Gorgeous happy babies! They look lovely in their tails! Such soulful eyes!
Lovely photos!


----------



## ArreauStandardPoodle

I have a male with a natural tail (Flynn) and it is growing on me (well, not literally. It is growing on Flynn!) I grew up in a show home, and it will take me a while longer to totally accept the look.

It also isn`t so easy for breeders in North America, if their hope is to show or place some of their pups into show homes. Undocked tails are not the norm here, and I think it would be difficult to get a Poo with an undocked tail placed over a dog with a docked tail. While you CAN show with an undocked tail (I think) getting put up with one in the AKC or CKC ring is another story.

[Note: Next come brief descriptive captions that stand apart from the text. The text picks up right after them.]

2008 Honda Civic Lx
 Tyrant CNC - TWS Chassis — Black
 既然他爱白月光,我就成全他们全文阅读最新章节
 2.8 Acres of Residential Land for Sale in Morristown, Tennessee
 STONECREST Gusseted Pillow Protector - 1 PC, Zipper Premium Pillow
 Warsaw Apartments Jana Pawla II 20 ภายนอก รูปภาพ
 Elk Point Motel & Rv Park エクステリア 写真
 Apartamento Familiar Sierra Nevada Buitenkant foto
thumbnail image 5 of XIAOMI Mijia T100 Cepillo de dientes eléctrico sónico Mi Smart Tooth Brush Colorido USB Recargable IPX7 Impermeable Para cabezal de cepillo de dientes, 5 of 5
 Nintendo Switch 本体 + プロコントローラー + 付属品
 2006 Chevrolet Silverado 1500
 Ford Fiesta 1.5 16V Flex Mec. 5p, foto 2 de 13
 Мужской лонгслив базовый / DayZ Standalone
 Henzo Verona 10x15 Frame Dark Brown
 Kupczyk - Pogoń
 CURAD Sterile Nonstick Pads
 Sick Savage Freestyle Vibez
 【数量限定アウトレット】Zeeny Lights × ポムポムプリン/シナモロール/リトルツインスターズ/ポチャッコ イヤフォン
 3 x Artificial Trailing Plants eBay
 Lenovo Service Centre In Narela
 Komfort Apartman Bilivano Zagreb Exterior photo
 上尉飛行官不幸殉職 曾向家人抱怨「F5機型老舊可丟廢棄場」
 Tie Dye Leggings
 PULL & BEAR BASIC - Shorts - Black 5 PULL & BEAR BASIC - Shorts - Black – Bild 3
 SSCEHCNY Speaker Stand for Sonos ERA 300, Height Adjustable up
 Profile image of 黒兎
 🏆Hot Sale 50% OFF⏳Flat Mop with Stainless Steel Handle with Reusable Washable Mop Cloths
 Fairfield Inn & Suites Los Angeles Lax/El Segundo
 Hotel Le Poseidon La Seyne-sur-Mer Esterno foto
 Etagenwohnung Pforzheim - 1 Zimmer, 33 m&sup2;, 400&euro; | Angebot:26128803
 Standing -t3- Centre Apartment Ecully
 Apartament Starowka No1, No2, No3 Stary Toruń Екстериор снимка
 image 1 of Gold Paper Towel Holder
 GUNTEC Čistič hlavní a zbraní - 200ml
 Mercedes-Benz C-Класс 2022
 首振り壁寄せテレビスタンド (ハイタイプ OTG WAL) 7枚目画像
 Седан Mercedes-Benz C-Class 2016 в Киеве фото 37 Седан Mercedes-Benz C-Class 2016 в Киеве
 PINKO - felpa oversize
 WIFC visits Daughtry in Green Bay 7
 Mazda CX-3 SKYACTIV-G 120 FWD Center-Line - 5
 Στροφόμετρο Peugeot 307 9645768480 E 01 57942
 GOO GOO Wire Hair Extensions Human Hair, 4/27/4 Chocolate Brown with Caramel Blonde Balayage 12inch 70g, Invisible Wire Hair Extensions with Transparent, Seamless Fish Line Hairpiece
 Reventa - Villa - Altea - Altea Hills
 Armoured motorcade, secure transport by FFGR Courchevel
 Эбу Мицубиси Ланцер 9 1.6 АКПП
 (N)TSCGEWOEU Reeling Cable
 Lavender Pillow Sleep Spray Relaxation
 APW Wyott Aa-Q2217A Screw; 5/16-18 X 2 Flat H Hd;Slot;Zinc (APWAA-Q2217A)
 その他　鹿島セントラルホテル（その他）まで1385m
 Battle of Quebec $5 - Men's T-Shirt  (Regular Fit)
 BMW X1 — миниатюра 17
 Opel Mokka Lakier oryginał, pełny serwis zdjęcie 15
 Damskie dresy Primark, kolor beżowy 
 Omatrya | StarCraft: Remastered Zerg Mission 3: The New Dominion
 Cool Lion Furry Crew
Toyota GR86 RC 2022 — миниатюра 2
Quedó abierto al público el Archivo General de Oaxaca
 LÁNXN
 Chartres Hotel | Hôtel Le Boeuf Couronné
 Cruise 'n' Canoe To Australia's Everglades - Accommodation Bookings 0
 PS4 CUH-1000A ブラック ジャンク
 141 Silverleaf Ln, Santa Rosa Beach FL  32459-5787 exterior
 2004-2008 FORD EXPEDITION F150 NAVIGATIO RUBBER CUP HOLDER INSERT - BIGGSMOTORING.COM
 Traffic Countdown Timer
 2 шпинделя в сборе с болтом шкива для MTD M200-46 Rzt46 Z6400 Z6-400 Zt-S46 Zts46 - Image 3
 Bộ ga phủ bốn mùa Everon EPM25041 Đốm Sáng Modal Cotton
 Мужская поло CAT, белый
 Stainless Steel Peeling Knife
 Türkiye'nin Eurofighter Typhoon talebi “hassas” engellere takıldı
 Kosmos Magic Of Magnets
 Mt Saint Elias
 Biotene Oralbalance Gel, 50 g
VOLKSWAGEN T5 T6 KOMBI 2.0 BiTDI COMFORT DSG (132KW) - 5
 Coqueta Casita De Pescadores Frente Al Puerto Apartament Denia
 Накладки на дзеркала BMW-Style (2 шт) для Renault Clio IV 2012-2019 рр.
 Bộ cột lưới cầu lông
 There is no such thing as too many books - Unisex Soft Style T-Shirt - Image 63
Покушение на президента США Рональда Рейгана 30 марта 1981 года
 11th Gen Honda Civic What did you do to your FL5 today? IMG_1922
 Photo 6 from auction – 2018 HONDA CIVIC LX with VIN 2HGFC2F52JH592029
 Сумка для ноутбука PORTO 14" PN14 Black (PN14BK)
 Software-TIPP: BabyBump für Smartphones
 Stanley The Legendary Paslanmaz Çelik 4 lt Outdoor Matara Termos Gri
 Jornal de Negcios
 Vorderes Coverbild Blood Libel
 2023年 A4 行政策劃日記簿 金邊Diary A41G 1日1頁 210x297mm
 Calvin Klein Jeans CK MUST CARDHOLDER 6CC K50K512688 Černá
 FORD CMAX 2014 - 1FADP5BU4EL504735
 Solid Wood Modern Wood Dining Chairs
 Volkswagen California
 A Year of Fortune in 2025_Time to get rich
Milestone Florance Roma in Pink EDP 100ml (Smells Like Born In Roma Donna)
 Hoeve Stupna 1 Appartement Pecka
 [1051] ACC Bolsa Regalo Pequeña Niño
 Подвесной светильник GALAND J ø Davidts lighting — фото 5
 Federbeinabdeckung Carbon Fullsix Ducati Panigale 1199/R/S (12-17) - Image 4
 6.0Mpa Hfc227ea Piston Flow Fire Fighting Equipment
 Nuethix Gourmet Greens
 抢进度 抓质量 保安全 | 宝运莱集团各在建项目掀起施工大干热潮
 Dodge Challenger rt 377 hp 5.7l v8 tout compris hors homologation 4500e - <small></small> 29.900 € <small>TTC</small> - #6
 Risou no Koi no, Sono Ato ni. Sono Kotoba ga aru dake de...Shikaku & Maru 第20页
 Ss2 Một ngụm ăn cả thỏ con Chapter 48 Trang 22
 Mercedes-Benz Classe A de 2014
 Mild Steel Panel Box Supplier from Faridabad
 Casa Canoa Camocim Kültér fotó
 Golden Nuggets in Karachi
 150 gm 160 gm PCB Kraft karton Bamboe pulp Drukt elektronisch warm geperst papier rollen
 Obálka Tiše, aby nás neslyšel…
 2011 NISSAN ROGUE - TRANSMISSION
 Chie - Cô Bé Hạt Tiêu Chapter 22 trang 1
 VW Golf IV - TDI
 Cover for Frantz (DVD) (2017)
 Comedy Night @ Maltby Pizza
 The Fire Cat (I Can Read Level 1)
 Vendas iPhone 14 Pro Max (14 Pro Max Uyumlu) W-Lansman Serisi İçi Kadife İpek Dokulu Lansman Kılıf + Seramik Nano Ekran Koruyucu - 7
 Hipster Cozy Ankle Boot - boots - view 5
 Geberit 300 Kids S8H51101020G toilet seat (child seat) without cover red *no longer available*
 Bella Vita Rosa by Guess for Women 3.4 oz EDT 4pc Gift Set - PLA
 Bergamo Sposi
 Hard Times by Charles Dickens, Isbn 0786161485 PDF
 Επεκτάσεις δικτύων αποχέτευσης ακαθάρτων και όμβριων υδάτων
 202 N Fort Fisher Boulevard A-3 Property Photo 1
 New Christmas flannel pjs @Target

If they ever make it that you can only show with an undocked tail, I for one will do the happy dance. We do our own tails and dews, and while I would not ever have a vet do it, it is the only unpleasant experience of having a litter of puppies.


----------



## *heather*

I'll second the vote for natural tails... the more people that start leaving tails natural, the sooner it will become more accepted, even in the show ring!! Rogan's long tail is gorgeous, and I wouldn't have it any other way!


----------



## cbrand

Not trying to be mean, just adding more information..... I think the long tail on the Poodle on the right just accentuates the fact that it has a really gay, almost squirrel tail. 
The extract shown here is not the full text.